Par contraste, les exportations n’ont progressé que modérément. Elles atteignent Rs 9,8 milliards en juin 2026, contre Rs 9,2 milliards en juin 2025, soit une hausse limitée à 5,6%. Certaines catégories ont même reculé: les exportations de produits alimentaires et d’animaux vivants ont fléchi de Rs 3,2 milliards à Rs 3,1 milliards, et les produits manufacturés divers sont passés de Rs 1,8 milliard à Rs 1,7 milliard. La seule progression notable concerne les produits chimiques, dont les exportations ont augmenté de Rs 297 millions à Rs 450 millions, un signal positif encore insuffisant pour compenser la dynamique haussière des importations.
Les débouchés à l’exportation restent diversifiés: l’Afrique du Sud, le Royaume-Uni, Madagascar, les États-Unis, la France et l’Espagne constituent les principaux marchés. Cette base de clients offre une certaine résistance aux chocs géopolitiques. Elle ne suffit pas, en revanche, à rééquilibrer les comptes extérieurs par la seule croissance des ventes à l’étranger, tant que les volumes exportés restent aussi faibles face à la pression des importations.
Pour les investisseurs et les entreprises opérant dans le commerce international mauricien, la question de fond est celle de la compression des marges. La hausse des coûts d’importation, notamment énergétiques et industriels, renchérit les intrants étrangers dont dépendent de nombreux secteurs productifs, tout en grevant les réserves de change. L’écart de 25,3% entre les déficits de juin 2025 et juin 2026, consultable dans le détail à l’adresse https://www.lemauricien.com/le-mauricien/economie-en-juin-nette-deterioration-du-deficit-commercial/715608/, constitue désormais un repère incontournable pour les décideurs qui construisent leurs projections pour le second semestre 2026. La vraie question reste de savoir si la dynamique des exportations, notamment dans les produits chimiques, peut s’accélérer suffisamment pour limiter l’impact sur les réserves avant la fin de l’année.
Questions-réponses
Quel est le montant du déficit commercial de Maurice en juin 2026 et quelle est sa progression sur un an?
Le déficit commercial s'établit à Rs 23,7 milliards en juin 2026, contre Rs 18,9 milliards en juin 2025, soit une détérioration de 25,3% sur un an.
Quels postes d'importation exercent la plus forte pression sur les coûts des entreprises?
Les produits pétroliers constituent le poste le plus coûteux, passant de Rs 7,2 milliards à Rs 9,7 milliards.
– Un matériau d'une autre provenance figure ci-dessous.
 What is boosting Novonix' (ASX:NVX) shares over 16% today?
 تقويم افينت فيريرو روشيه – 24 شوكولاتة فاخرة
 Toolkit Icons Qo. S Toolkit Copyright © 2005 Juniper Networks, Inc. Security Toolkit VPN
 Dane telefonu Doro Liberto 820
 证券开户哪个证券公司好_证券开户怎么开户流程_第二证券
Les produits chimiques (de Rs 2,3 à Rs 3 milliards), les produits manufacturés (de Rs 3 à Rs 3,7 milliards) et les produits alimentaires (de Rs 5,7 à Rs 6,1 milliards) contribuent également à la hausse.
Quels marchés à l'exportation offrent une diversification aux opérateurs mauriciens?
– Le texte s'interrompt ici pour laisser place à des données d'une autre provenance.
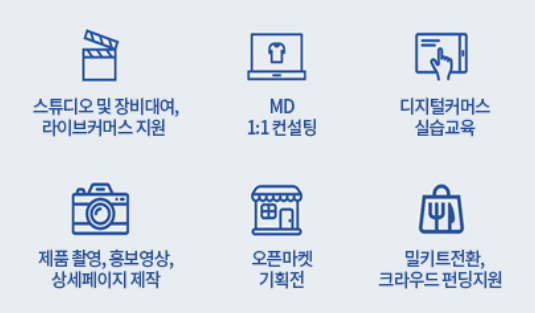 프로그램 지원
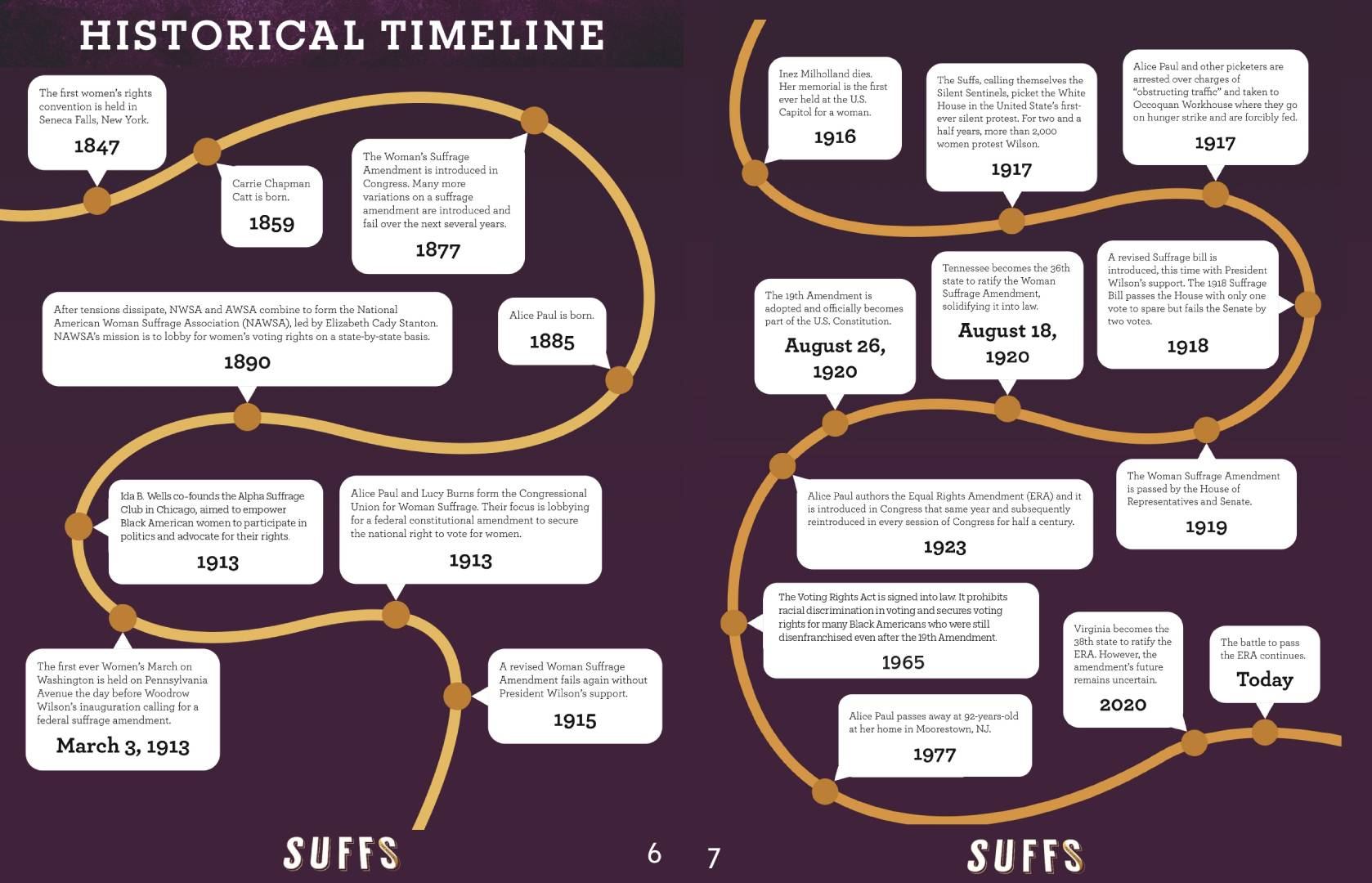 SUFFS (2025) Broadway Musical – Education Guide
Les principaux débouchés sont l'Afrique du Sud, le Royaume-Uni, Madagascar, les États-Unis, la France et l'Espagne. Cette diversification offre une certaine résistance aux chocs géopolitiques, sans toutefois suffire à rééquilibrer les comptes extérieurs.
Quels risques la concentration géographique des approvisionnements fait-elle peser sur les entreprises?
La dépendance envers la Chine, le Sultanat d'Oman, l'Inde, l'Afrique du Sud, Singapour et la France expose simultanément les opérateurs aux tensions logistiques mondiales et aux variations de prix des matières premières, accroissant leur vulnérabilité aux chocs externes.